# Profiling tiling code for pgSTAC + COG

A pgSTAC database stores metadata about CMIP6 COGs on S3. The libraries used were pgstac for reading STAC metadata and rio_tiler's rasterio for reading COGs on S3.

In this notebook we load results from https://github.com/developmentseed/tile-benchmarking/blob/main/profiling/profile.ipynb to demonstrate:

1. The importance of GDAL variables in performance.
2. Variation across tiles is not significant.
3. Tiling with pgSTAC + COGs is fast when compared with titiler-xarray tiling of Zarr stores.

In [3]:
import pandas as pd
import hvplot
pd.options.plotting.backend = 'holoviews'

git_url_path = "https://raw.githubusercontent.com/developmentseed/tile-benchmarking/feat/fake-data/profiling/results"
pd.read_csv(f"{git_url_path}/pgstac_cog_gdal_results.csv")

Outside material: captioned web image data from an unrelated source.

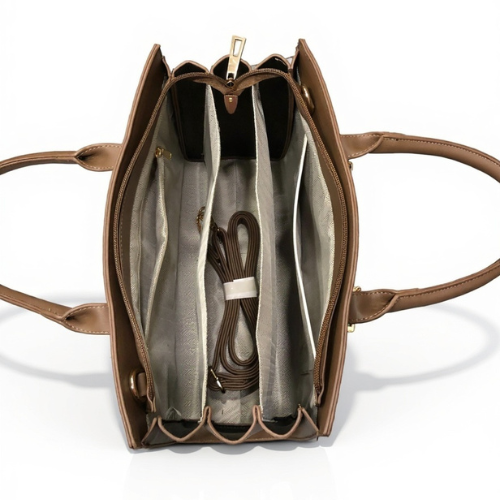 Feelings Taupe Grey Leather Tote Bag with Charm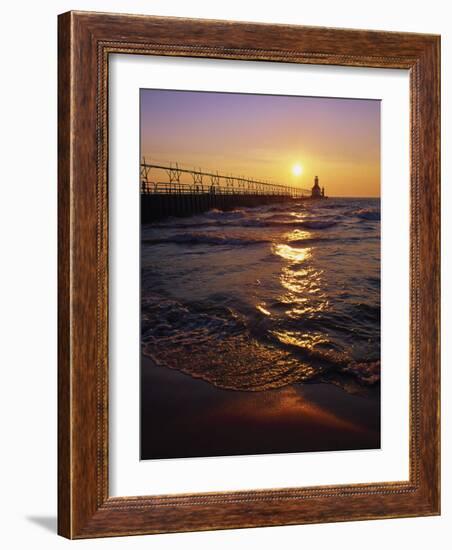 Sunset at Lighthouse, Lake MIchigan, MI-Mark Gibson-Framed Photographic Print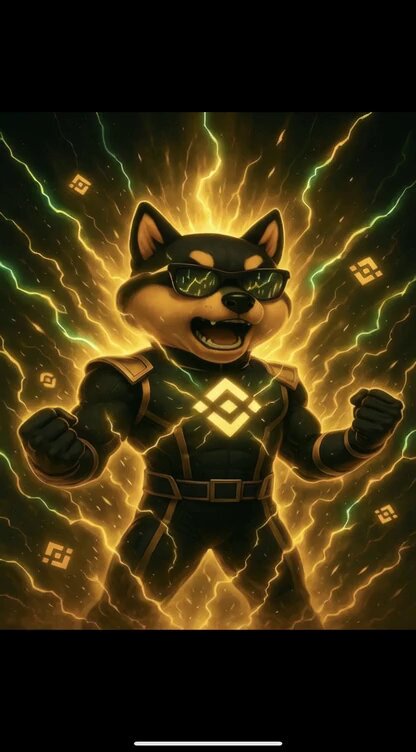 The image features a black and yellow cartoon dog wearing sunglasses, standing against a backdrop of bright yellow lightning bolts. The dog appears to be in a fighting stance with its arms raised high above its head. The background includes a gradient of yellow and green colors that blend seamlessly into each other, creating an intense atmosphere. The post reads "List Manyu binance #manyu", which is likely related to the cartoon dog or the content displayed on it.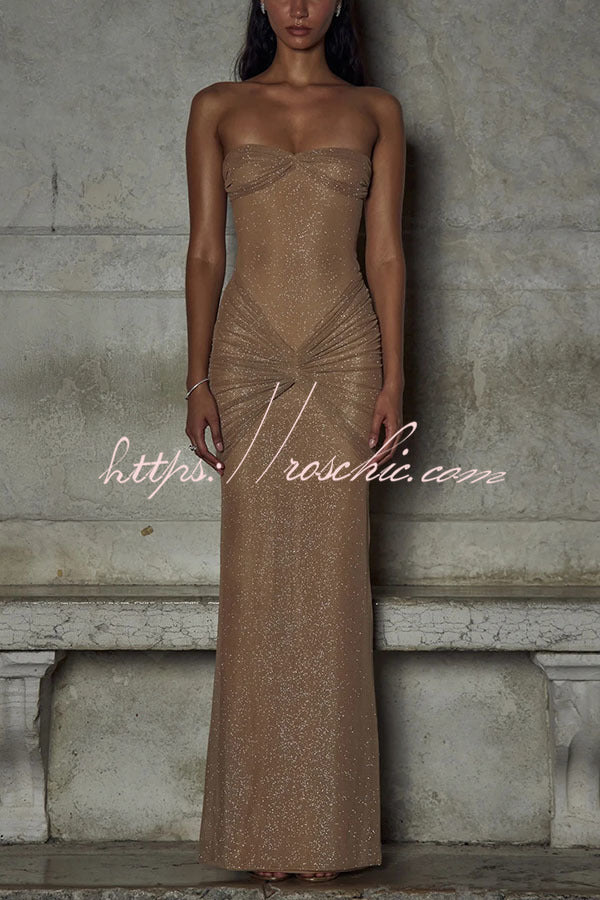 Slightly Translucent Sequined Off-shoulder Slim Fit Fishtail Maxi Dress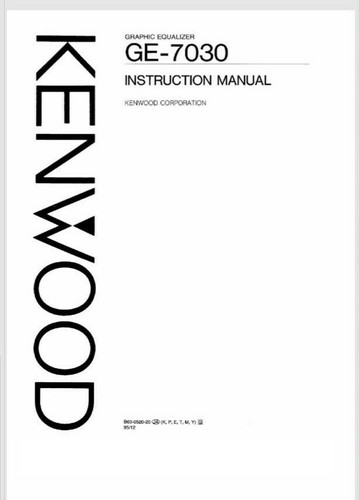 Kenwodd 7030 equalizzatore - ge-7030,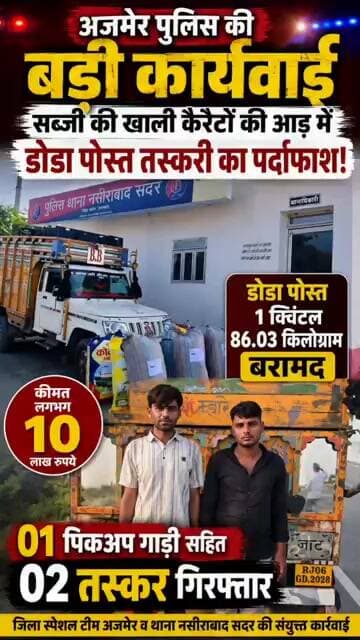 सब्जी की कैरेट के नीचे छिपा था 1.86 क्विंटल डोडा पोस्त! अजमेर पुलिस ने पकड़ी ₹10 लाख की खेप, #shorts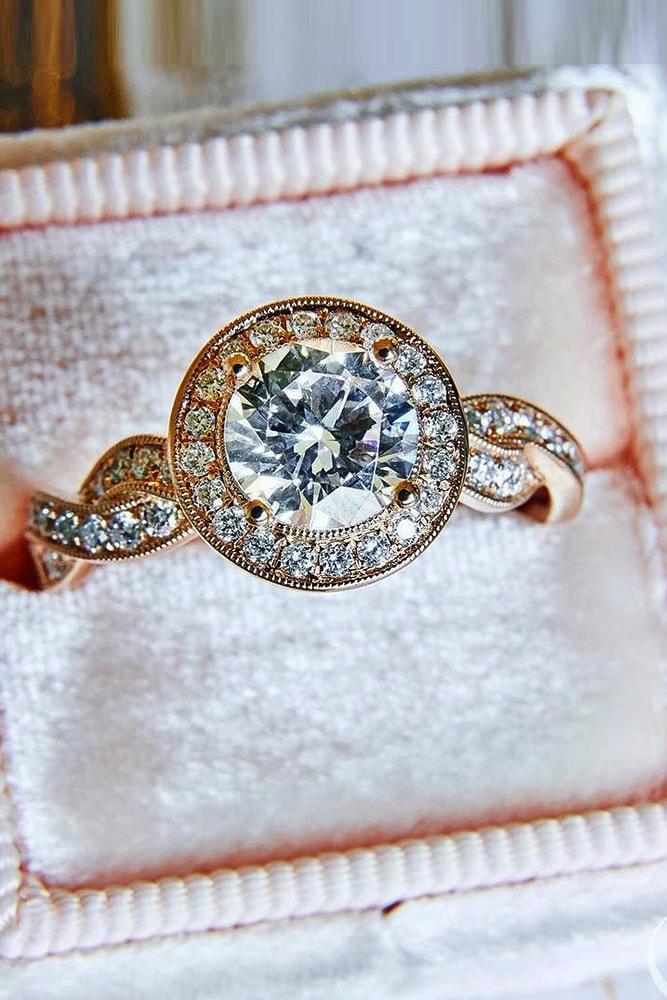 vintage engagement rings rose gold round cut diamond halo vintage ring twisted pave band
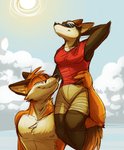 Rating: s
ID: 2242276
Date: 2020-05-04 16:28:44 -0400
Status: active
Score: 24
anthro bright canid canine canis carrying_another duo eyewear fan_character female fox happy interspecies legend_of_ahya lifting_another male male/female mammal mountain_aj murana_wolford_(darkflame-wolf) on_shoulder romantic romantic_ambiance romantic_couple smile sun sunglasses temiree wolf post #2242276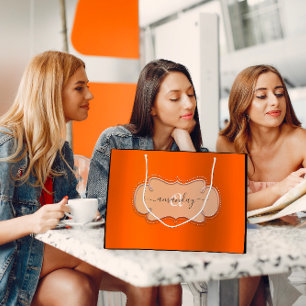 Rose Pink Orange Royal Monogram Name Bridal Large Gift Bag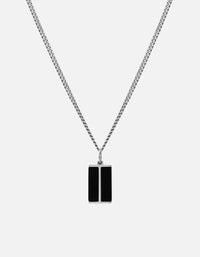 Miansai Necklaces Duo Onyx Pendant Necklace, Sterling Silver Black / 21 in.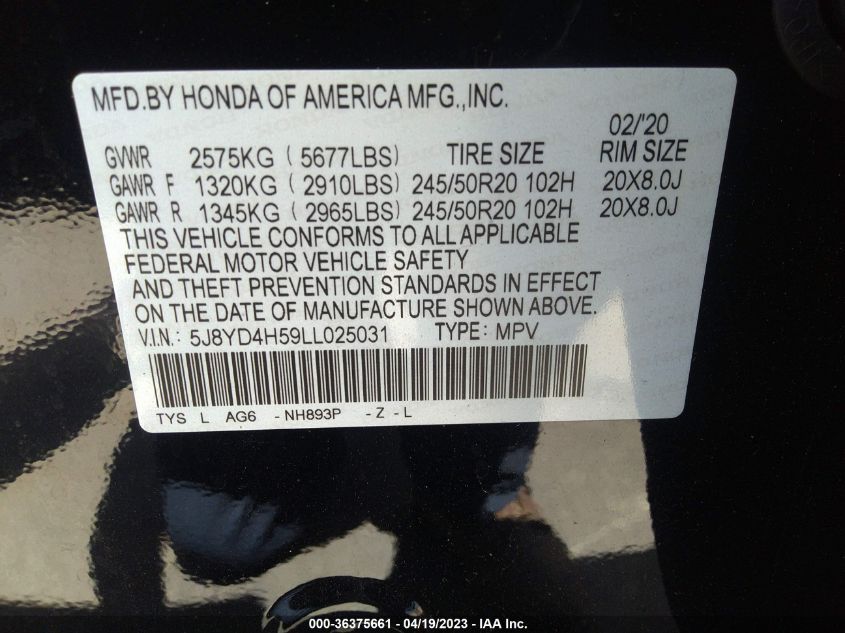 2020 ACURA MDX W/TECHNOLOGY PKG - 5J8YD4H59LL025031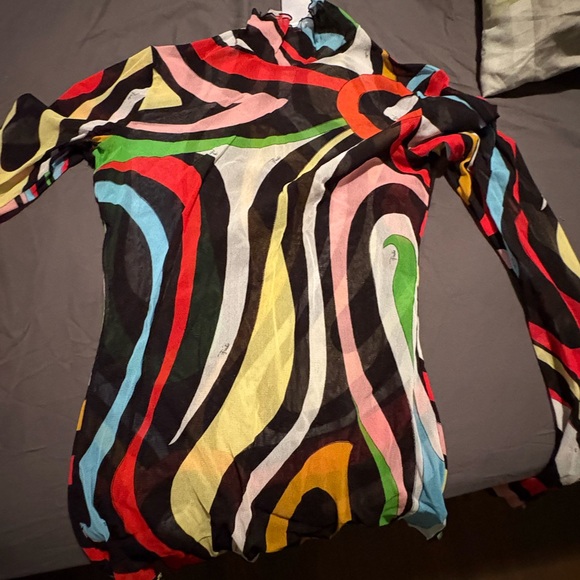 Emilio Pucci | Tops | Emilio Pucci Multicolor Swirl Blouse | Poshmark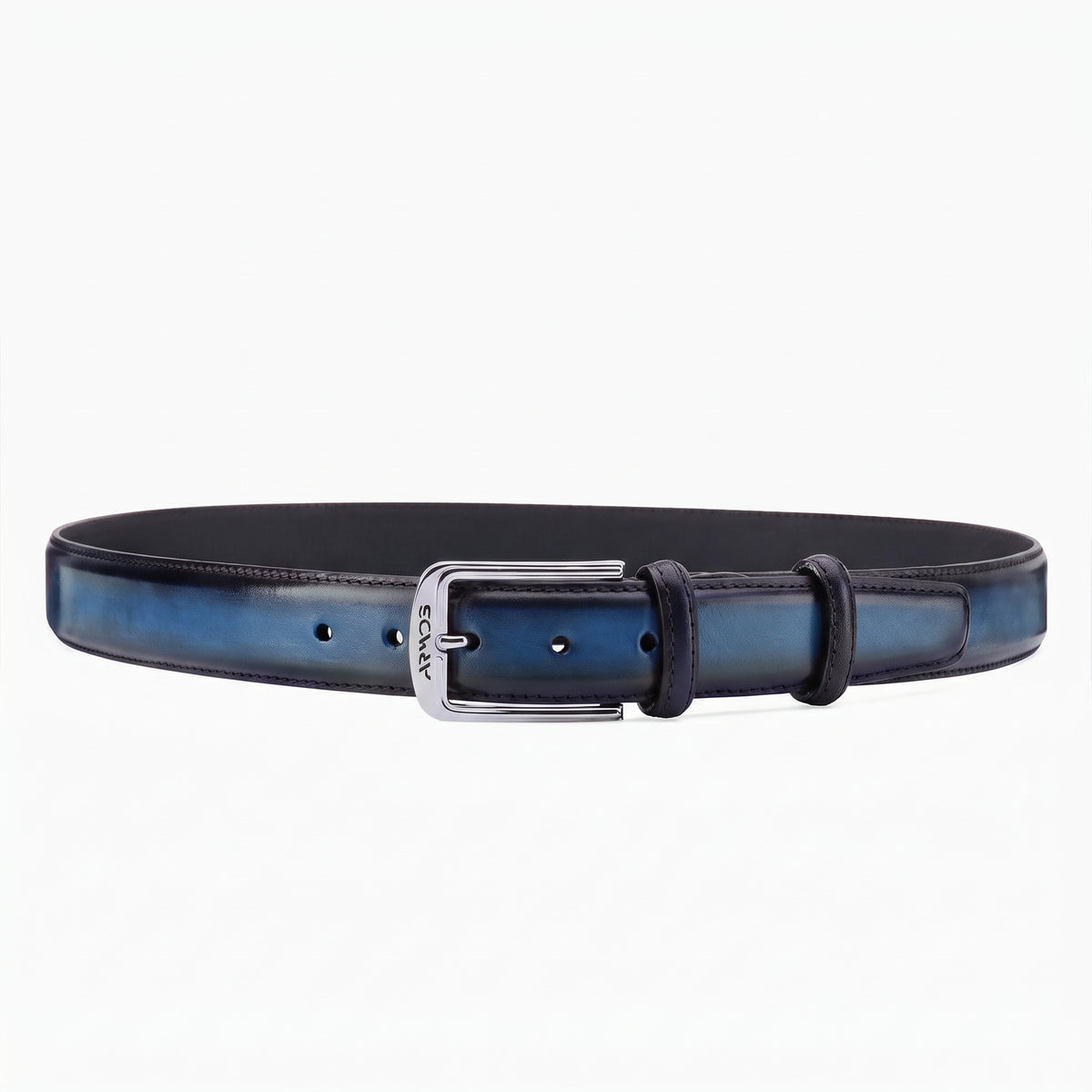 Men’s Dark Blue Patina Leather Belt - full view
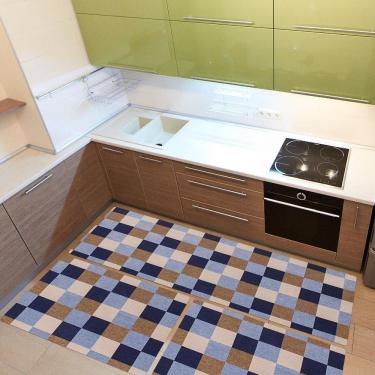 Imagem de Tapete Cozinha 3 Peças Jacquard Latéx Pixel Marinho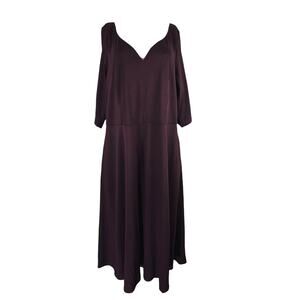 City Chic V-Neck Burgundy Knee Length Pockets Women's Dress XL - 22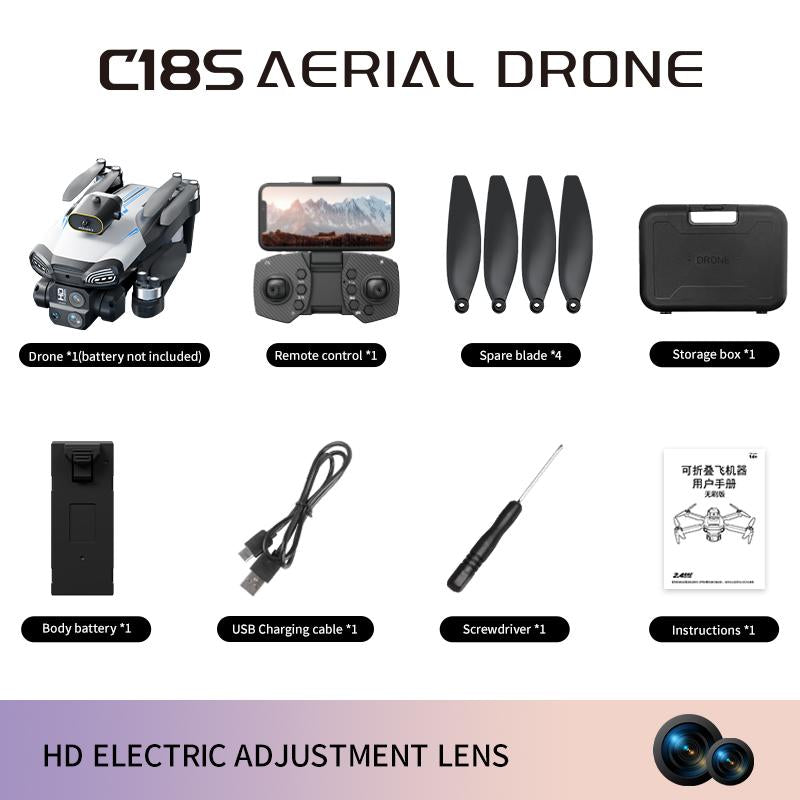 Aerial Drone 2025 C13S Pro GPS 4K UHD EIS Camera 5G Wifi FPV Brushless Motors Optical Flow Obstacle Avoidance Auto Return 360° Stunt Roll Easy Play Two Batteries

Unnamed: 0,gdal_vars_set?,tile times,mean total time
0,with_gdal_vars,"[63.41, 54.53, 54.46]",57.466667
1,without_gdal_vars,"[14687.78, 30817.34, 17722.72]",21075.946667


We don't need many iterations since the variation is so great. You can see that setting GDAL environment variables makes things at least 100x faster.

These GDAL variables are documented here https://developmentseed.org/titiler/advanced/performance_tuning/, but that advice is copied into comments below for ease of reference.

By setting the GDAL environment variables we limit the number of total requests to S3.

Specifically, these environment variables ensure that:

* All of the metadata may be read in 1 request. This is not necessarily true, but more likely since we increase the initial number of GDAL ingested bytes.
* There is no superfluous LIST request to account for sidecar files, which don't exist for COGs.
* Consecutive range requests are merged into 1 request.
* Multiple range requests use the same TCP connection.

# Time to create different tiles

The difference between different tiles is very small.

In [56]:
df = pd.read_csv(f"{git_url_path}/pgstac_cog_tile_results.csv")
df.plot.scatter(x='xyz tile', y='mean total time', label = 'Mean Time to Tile (ms) by Zoom Level')